It’s so cute to see all the serious people who are so worried about economic crises that do not exist. They are constantly telling us how the “job creators” (a.k.a. rich people) who run businesses are just so nervous and uncertain they don’t know what to do. The current concern is that taxes could rise at the end of the year and government spending will fall.
Of course this would be bad news, but would it be a crisis? As many people have pointed out, this is called “deficit reduction,” which is exactly what most of the people now complaining about an imminent crisis have been advocating. The tax increases and spending cuts would weaken the economy and, if left in place over the course of the year, would sharply slow growth and likely push the economy into a recession.
But none of this happens in January. In fact, almost nothing happens in January except the Bush tax cuts expire, substantially improving President Obama’s bargaining position. This is bad news for Republicans, but so what?
Hence we have David Brooks telling us this morning:
The first thing to say about this strategy [letting the tax cuts expire] is that it is irresponsible. The recovery is fragile. Europe may crater. China is ill. Business is pulling back at the mere anticipation of a fiscal cliff. It’s reckless to think you can manufacture an economic crisis for political leverage and then control the cascading results.
Is there any evidence for this assertion whatsoever? “Europe may crater.” What on earth does Brooks mean by this? People will not want to hold euros because the U.S. economy might be slowing slightly (we’re talking January, not the whole year)?
Look, this is utter nonsense. Brooks is pushing hard to protect the bargaining position of his Republican friends. He is obviously willing to say anything to advance the cause including inventing crises that do not exist.
It makes for entertaining reading. After all, here is a guy who was completely oblivious to the largest economic crisis in 80 years until it sank the economy who is now seeing crises in every closet. It is about as serious as those predictions of Romney landslide that we heard last week.

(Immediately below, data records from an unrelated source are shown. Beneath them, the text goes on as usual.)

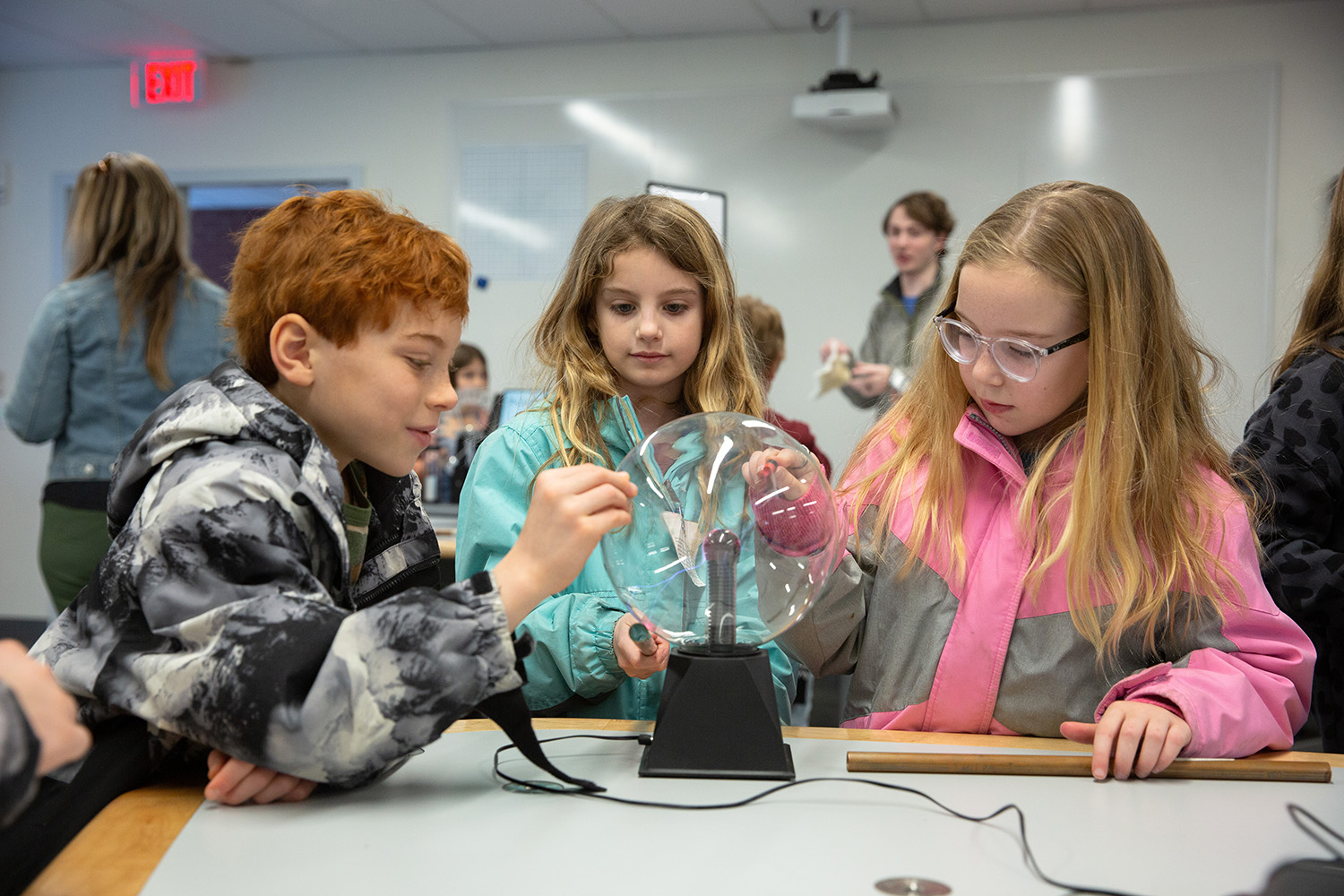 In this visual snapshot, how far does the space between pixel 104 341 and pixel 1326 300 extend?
9.03 feet

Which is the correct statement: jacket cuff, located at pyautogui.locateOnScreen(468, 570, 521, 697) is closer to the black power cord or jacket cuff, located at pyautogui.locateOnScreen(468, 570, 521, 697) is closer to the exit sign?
the black power cord

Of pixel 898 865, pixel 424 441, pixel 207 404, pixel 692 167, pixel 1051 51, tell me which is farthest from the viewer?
pixel 692 167

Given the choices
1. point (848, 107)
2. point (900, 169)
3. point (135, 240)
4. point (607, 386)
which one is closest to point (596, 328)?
point (607, 386)

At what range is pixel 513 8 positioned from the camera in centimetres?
479

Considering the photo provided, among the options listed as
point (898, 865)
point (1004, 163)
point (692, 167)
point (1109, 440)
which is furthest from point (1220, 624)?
point (692, 167)

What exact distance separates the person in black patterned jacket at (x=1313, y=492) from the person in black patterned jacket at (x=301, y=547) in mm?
1119

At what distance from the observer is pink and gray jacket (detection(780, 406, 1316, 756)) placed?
1.12m

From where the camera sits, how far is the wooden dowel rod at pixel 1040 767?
1021mm

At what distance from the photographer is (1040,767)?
1.02 metres

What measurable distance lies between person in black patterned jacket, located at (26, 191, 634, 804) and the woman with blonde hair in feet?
6.18

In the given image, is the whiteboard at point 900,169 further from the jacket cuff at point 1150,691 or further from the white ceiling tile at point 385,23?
the jacket cuff at point 1150,691

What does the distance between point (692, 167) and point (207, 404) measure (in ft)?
14.4

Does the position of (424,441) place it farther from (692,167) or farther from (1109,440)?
(692,167)

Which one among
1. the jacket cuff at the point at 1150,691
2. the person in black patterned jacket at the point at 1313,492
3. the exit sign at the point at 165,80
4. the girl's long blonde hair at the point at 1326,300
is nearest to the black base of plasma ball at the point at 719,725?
the jacket cuff at the point at 1150,691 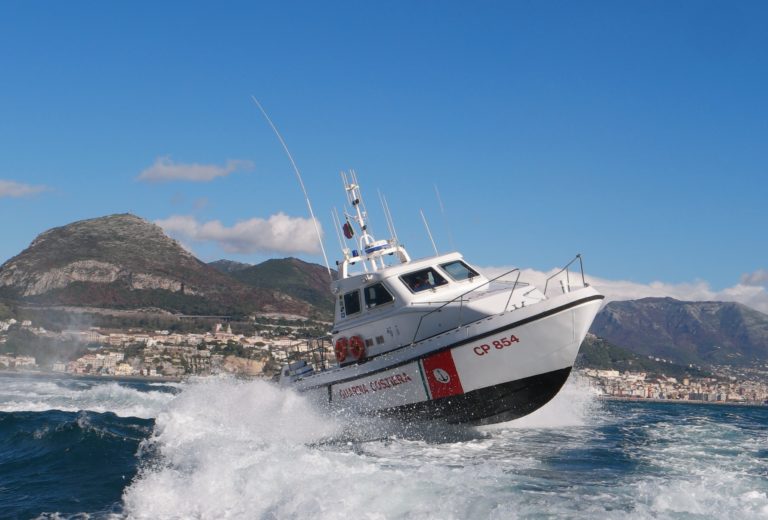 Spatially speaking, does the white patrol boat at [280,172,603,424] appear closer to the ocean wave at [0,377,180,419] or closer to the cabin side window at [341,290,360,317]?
the cabin side window at [341,290,360,317]

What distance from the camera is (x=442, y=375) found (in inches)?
642

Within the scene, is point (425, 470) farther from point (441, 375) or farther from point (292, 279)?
point (292, 279)

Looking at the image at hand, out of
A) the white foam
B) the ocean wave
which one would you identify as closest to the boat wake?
the white foam

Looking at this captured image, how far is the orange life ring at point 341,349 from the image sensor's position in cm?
1928

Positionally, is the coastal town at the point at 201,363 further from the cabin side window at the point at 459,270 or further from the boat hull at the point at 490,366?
the boat hull at the point at 490,366

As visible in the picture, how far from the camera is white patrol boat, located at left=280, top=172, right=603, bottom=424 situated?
51.5 feet

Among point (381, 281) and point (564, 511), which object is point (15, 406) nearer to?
point (381, 281)

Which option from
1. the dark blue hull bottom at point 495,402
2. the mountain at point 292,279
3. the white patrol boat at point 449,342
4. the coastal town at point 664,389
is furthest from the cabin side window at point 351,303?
the mountain at point 292,279

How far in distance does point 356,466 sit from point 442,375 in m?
4.77

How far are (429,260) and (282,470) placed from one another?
8.96 meters

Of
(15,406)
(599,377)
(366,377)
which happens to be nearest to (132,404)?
(15,406)

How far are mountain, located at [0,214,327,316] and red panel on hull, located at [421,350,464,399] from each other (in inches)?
4474

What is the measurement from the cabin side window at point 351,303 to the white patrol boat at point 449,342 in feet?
0.09

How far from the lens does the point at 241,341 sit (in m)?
100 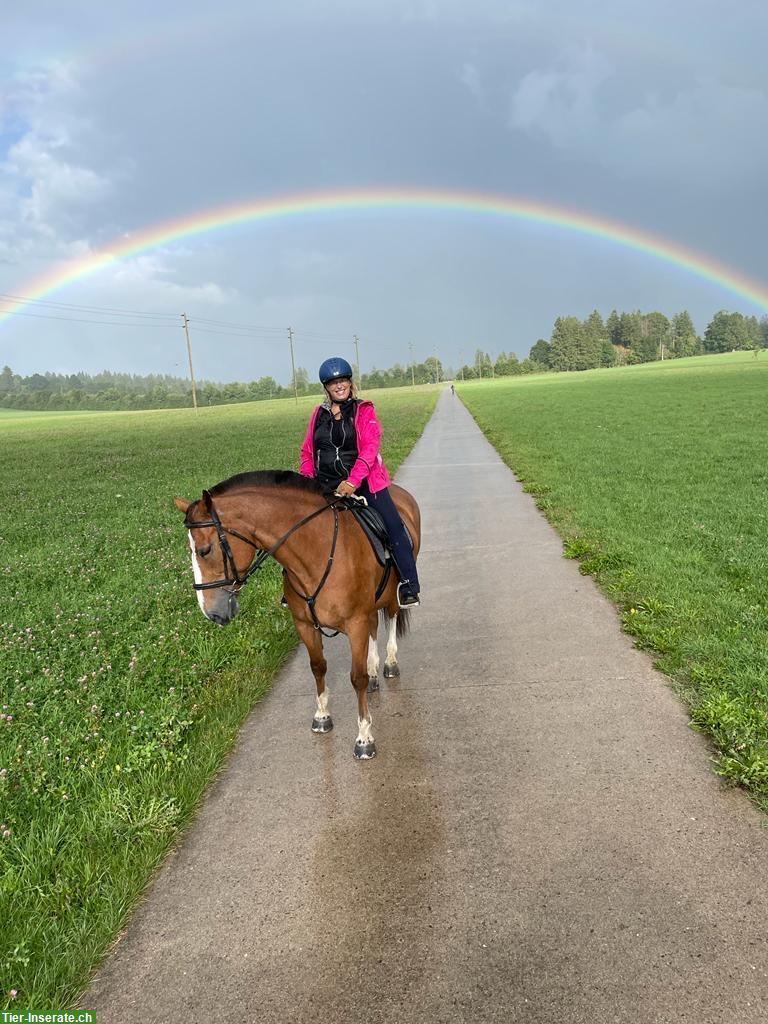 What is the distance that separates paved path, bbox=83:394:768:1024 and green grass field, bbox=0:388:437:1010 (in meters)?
0.23

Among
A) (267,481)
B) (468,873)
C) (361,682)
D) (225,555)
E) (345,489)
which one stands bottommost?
(468,873)

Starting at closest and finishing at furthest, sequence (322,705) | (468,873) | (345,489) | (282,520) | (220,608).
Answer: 1. (468,873)
2. (220,608)
3. (282,520)
4. (345,489)
5. (322,705)

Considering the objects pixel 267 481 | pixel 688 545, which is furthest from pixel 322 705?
pixel 688 545

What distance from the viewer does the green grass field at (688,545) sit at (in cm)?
475

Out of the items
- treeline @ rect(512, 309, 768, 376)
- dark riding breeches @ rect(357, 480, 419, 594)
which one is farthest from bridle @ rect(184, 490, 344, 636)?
treeline @ rect(512, 309, 768, 376)

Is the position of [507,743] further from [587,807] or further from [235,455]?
[235,455]

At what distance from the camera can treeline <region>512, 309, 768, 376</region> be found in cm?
15825

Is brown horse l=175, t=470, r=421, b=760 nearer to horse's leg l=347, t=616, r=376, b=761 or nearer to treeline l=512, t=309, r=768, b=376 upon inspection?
horse's leg l=347, t=616, r=376, b=761

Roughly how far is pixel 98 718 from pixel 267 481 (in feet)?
9.17

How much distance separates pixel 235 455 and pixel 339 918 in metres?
23.9

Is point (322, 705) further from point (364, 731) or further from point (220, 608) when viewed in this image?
point (220, 608)

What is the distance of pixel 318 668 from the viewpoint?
15.7 ft

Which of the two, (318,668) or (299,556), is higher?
(299,556)

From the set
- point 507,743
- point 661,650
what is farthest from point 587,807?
point 661,650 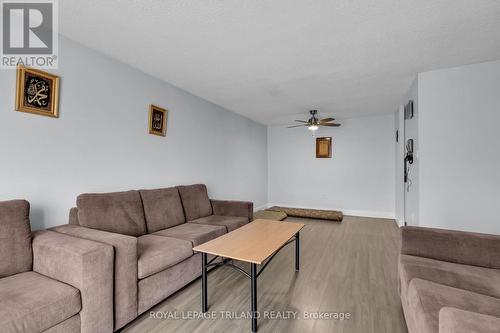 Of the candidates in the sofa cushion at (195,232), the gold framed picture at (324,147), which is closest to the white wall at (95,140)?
the sofa cushion at (195,232)

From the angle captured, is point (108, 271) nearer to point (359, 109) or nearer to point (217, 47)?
point (217, 47)

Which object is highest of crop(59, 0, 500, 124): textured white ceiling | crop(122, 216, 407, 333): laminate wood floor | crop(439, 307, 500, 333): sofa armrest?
crop(59, 0, 500, 124): textured white ceiling

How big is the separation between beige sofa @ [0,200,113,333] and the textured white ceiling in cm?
166

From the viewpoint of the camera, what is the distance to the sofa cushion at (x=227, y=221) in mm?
2821

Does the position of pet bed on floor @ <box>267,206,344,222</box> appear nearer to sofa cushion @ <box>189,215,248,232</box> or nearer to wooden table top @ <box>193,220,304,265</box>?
sofa cushion @ <box>189,215,248,232</box>

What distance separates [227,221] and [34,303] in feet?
6.43

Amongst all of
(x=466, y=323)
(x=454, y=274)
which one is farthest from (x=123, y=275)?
(x=454, y=274)

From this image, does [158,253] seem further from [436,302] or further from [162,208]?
[436,302]

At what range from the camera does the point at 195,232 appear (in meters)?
2.45

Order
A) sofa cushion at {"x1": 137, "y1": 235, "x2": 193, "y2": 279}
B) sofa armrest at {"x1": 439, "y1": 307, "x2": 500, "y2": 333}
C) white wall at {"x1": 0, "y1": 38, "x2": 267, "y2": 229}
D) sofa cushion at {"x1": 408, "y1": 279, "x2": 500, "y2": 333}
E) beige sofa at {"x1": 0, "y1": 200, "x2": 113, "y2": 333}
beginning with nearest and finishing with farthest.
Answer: sofa armrest at {"x1": 439, "y1": 307, "x2": 500, "y2": 333}, sofa cushion at {"x1": 408, "y1": 279, "x2": 500, "y2": 333}, beige sofa at {"x1": 0, "y1": 200, "x2": 113, "y2": 333}, sofa cushion at {"x1": 137, "y1": 235, "x2": 193, "y2": 279}, white wall at {"x1": 0, "y1": 38, "x2": 267, "y2": 229}

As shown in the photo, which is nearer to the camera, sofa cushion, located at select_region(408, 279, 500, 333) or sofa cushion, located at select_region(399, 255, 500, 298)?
sofa cushion, located at select_region(408, 279, 500, 333)

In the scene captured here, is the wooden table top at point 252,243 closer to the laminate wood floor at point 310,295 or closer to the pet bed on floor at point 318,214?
the laminate wood floor at point 310,295

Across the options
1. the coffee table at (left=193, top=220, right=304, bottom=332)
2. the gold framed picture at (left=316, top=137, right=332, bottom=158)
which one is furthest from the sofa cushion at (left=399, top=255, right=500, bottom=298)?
the gold framed picture at (left=316, top=137, right=332, bottom=158)

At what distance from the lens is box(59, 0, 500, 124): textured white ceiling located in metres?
1.70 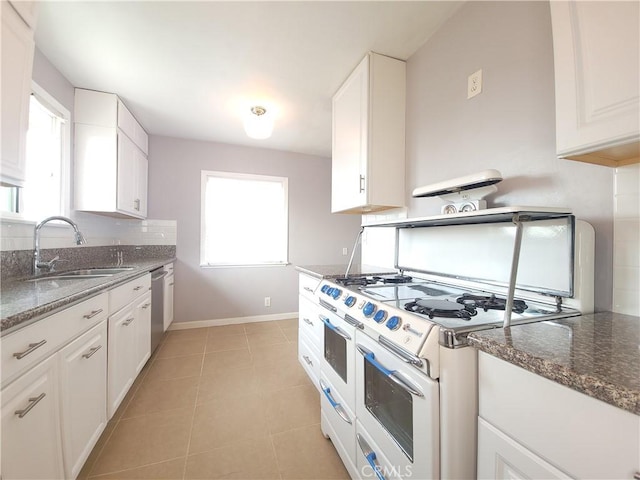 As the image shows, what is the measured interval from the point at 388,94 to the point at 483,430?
6.47ft

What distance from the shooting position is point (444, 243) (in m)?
1.50

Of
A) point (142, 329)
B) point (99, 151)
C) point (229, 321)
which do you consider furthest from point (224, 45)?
point (229, 321)

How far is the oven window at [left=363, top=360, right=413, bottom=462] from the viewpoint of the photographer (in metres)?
0.87

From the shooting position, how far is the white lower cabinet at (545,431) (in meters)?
0.46

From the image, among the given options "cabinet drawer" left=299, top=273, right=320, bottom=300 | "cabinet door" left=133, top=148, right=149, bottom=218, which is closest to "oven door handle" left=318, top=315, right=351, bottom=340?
"cabinet drawer" left=299, top=273, right=320, bottom=300

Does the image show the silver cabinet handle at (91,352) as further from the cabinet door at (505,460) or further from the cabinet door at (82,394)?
the cabinet door at (505,460)

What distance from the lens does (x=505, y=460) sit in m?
0.63

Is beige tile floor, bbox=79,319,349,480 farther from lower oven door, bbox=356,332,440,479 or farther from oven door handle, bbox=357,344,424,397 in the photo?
oven door handle, bbox=357,344,424,397

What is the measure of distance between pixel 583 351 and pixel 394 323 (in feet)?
1.52

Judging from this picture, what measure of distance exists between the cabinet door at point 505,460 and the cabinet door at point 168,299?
2984mm

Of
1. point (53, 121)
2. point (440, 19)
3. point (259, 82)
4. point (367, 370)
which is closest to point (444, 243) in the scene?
point (367, 370)

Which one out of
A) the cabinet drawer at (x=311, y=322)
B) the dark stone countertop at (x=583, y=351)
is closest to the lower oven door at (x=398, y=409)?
the dark stone countertop at (x=583, y=351)

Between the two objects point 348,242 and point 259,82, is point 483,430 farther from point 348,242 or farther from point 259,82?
point 348,242

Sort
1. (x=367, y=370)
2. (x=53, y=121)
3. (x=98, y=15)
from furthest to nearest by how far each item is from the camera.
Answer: (x=53, y=121) → (x=98, y=15) → (x=367, y=370)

I almost forgot to ridicule Brooks for one of the main points in his piece. He tells readers:
Before he gets lost in the mire of negotiations, the president could step back and practically describe the task ahead. Between 1947 and 2007, the U.S. economy grew an average of 3.3 percent a year. But over the next few decades, according to forecasts from the Congressional Budget Office, it’s projected to grow only at 2.3 percent per year. The task ahead is to make the sort of structural changes that will get America back on its old growth trajectory.
There are three reasons why this paragraph deserves buckets full of ridicule. First, the main reason for the projected slowdown in growth is slower labor force growth. We will have slower growth of the population and we will have more people enjoying leisure time. Perhaps Brooks has a problem with that, but that is Brooks’ problem, it is not “the task ahead.” [I hate to break the bad news to Mr. Brooks, but having a column in the NYT does not give you the right to dictate the agenda for the president and the country over the next three decades. Apparently your editor misled you.]
The second reason why this statement is ridiculous is that no one has a clue as to how to raise the annual rate of growth by a percentage point. If we do good stuff on infrastructure and education we may be able to increase long-term growth by 0.1-0.2 percentage points. That would be a real accomplishment. I don’t know of any economist who could say with a straight face that they have a plan to increase the long-term growth rate by a full percentage point.. If Brooks has one in mind, he could do us all an enormous service by calling the world’s attention to this person.
Finally, since most people have seen little or none of the gains of economic growth over the last three decades, they would find a world with more equal distribution to be a big winner even if it implied the same or even a slower rate of growth. In this sense, the bar for most of the population is actually quite low. If we had 2.0 percent annual growth that was equally shared, then most people would be doing hugely better over the next three decades than they did over the last three decades.